Please see the HOT version 6.3 patch posted on pgsql-patches.
I've implemented support for CREATE INDEX and CREATE INDEX
CONCURRENTLY based on the recent discussions. The implementation
is not yet complete and needs some more testing/work/discussion
before we can start considering it for review.
One of the regression test case fails because CIC now works in
three phases. In the first phase, we just create the catalog entry
for the index and commit the transaction. If the index_build fails
because of any error (say, unique key constraint) the index creation
fails, but the catalog entry remains.
The implementation is based on having an extra attribute in pg_index
to track the transaction xid which created the index and then use
that information to decide whether the newly created index should
be used in a query or not. Here are couple of TODO items:
We decided to store transaction id of the top level transaction in
the cached plan if one or more potentially useful indexes are
not available while planning a query. And then replan if the
current transaction id is different that the one stored with the
plan. I'm not very well familiar with this code, so any suggestions
how to do it in a clean way ?
Making index available in the creating transaction:
This is an important TODO item. We would like to make the
index immediately available to the transaction which created it,
if the transaction is running in read-committed mode. If the
transaction is running in SERIALIZABLE mode, then we can't do
much because we might have skipped one or more RECENTLY_DEAD
tuples while building the index and hence index can not be used.
The way we build index now is that we only index the tuple at the head
of the HOT-chain. So there could be DELETE_IN_PROGRESS
tuples (updated/deleted by the transaction which is creating the
index) which we skipped while building the index. My question
is, is there a case where this transaction may use the new index
and still see those tuples ? I know that the DELETE_IN_PROGRESS
tuples are visible if there are any open cursors. But then plans for
these open cursors can not be changed until they are closed
and reopened, isn't it ? Tom mentioned about recursive plpgsql
functions where the outer instance can use an older snapshot.
I tried that but could not produce a scenario where the outer instance
could see the DELETE_IN_PROGRESS tuple if the tuple is updated
in the inner instance.

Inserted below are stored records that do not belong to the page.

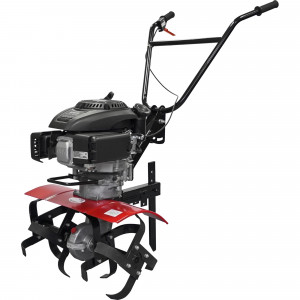 82614314 Культиватор бензиновый Тарпан Kohler 6 л.с.
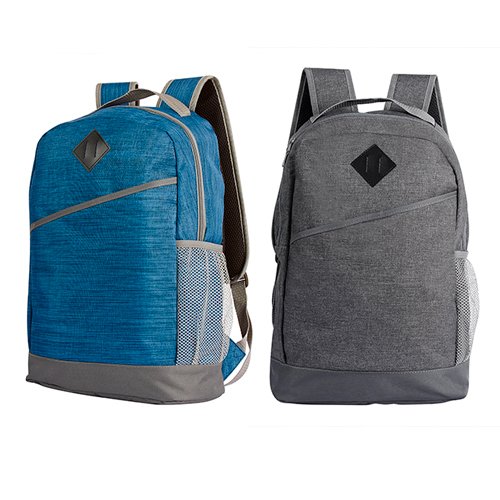 MOCHILA WALLY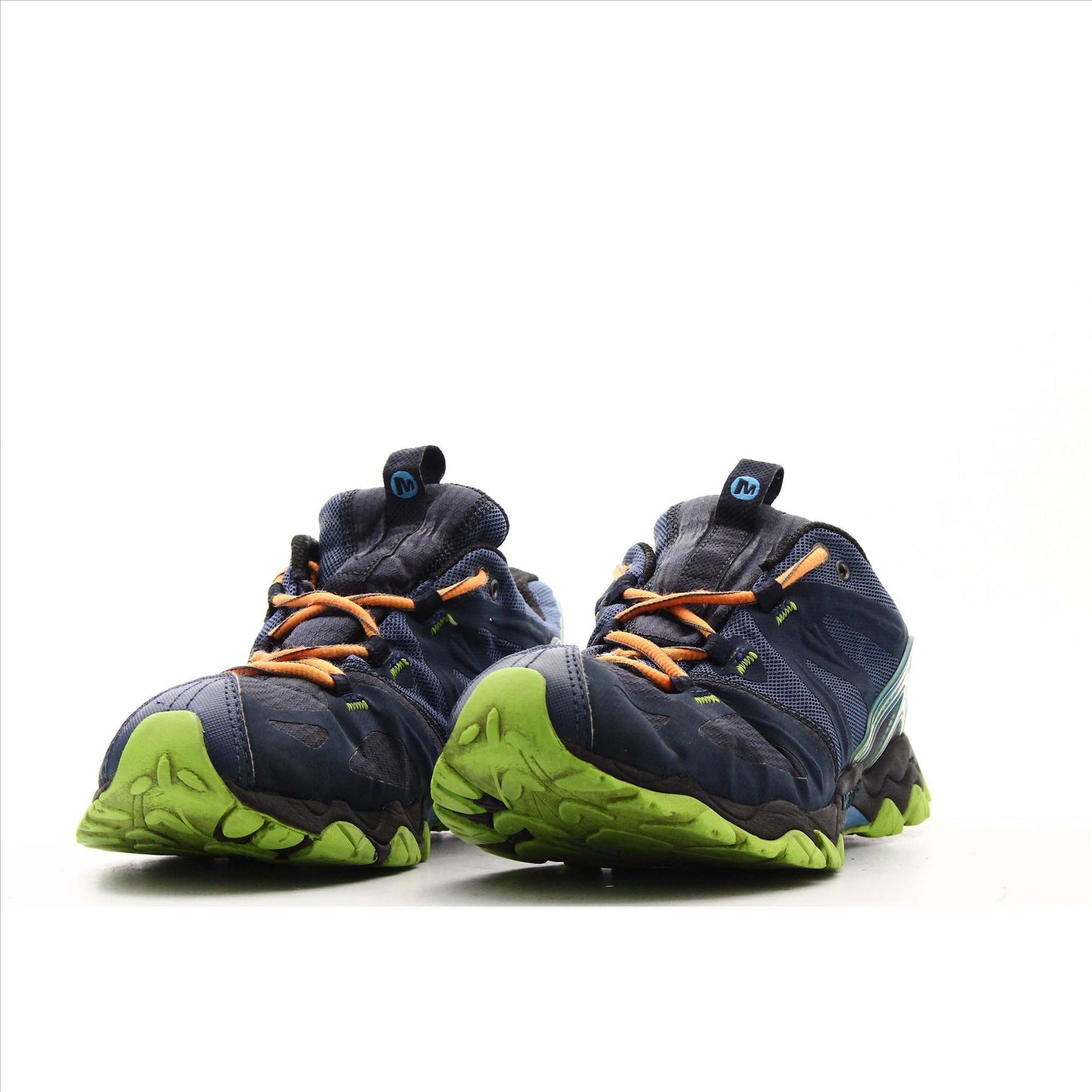 Merrell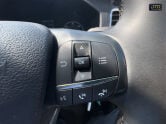 Ford Transit Custom SWB L1H1 280 Limited Alloys Air Con Camera Cruise EURO 6 18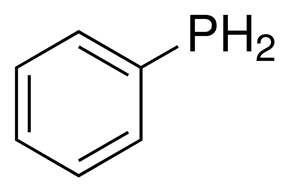 Phenylphosphine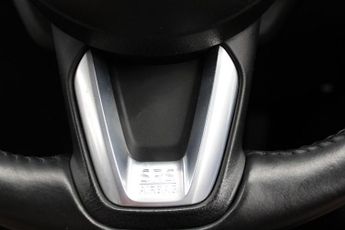 MAZDA CX-5 2.2 SKYACTIV-D Sport SUV 5dr Diesel Auto Euro 6 (s/s) (150 ps)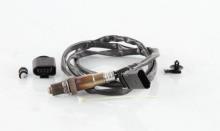 BOSCH 0 258 006 986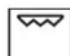 WHIRLPOOL WOI5S8HM1SBA - OBER- &amp; UNTERHITZE - 1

Can someone help me with an example where
a read-committed transaction would use the newly created index
and still see the DELETE_IN_PROGRESS tuple ?
CREATE INDEX CONCURRENTLY:
One of the item which needs review and discussion is the handling
on unique key checks while creating the index concurrently. We build
the index in three phases. In the first phase, we just create the catalog
entry and mark index invalid for inserts. This ensures that transactions
started after that won't create HOT-chains that break the HOT property
for the new index. In the second phase, we build the index by applying
the reference snapshot to the heap tuples. In the third phase, we
validate the index and insert any missing entries.
In this phase, we only insert if index entry for the root tuple is missing.
So there is just one insert operation which covers all the tuples in the
HOT-chain. In order to check unique key violations, inside
_bt_check_unique() function when a duplicate key is found, we follow
the entire HOT-chain and check if any tuple in the chain is live. If so,
unique key violation constraint is raised. IOW if any two HOT-chains
share the same key and have one live tuple, unique key constraint
is considered violated. Can anyone spot a hole in this logic ?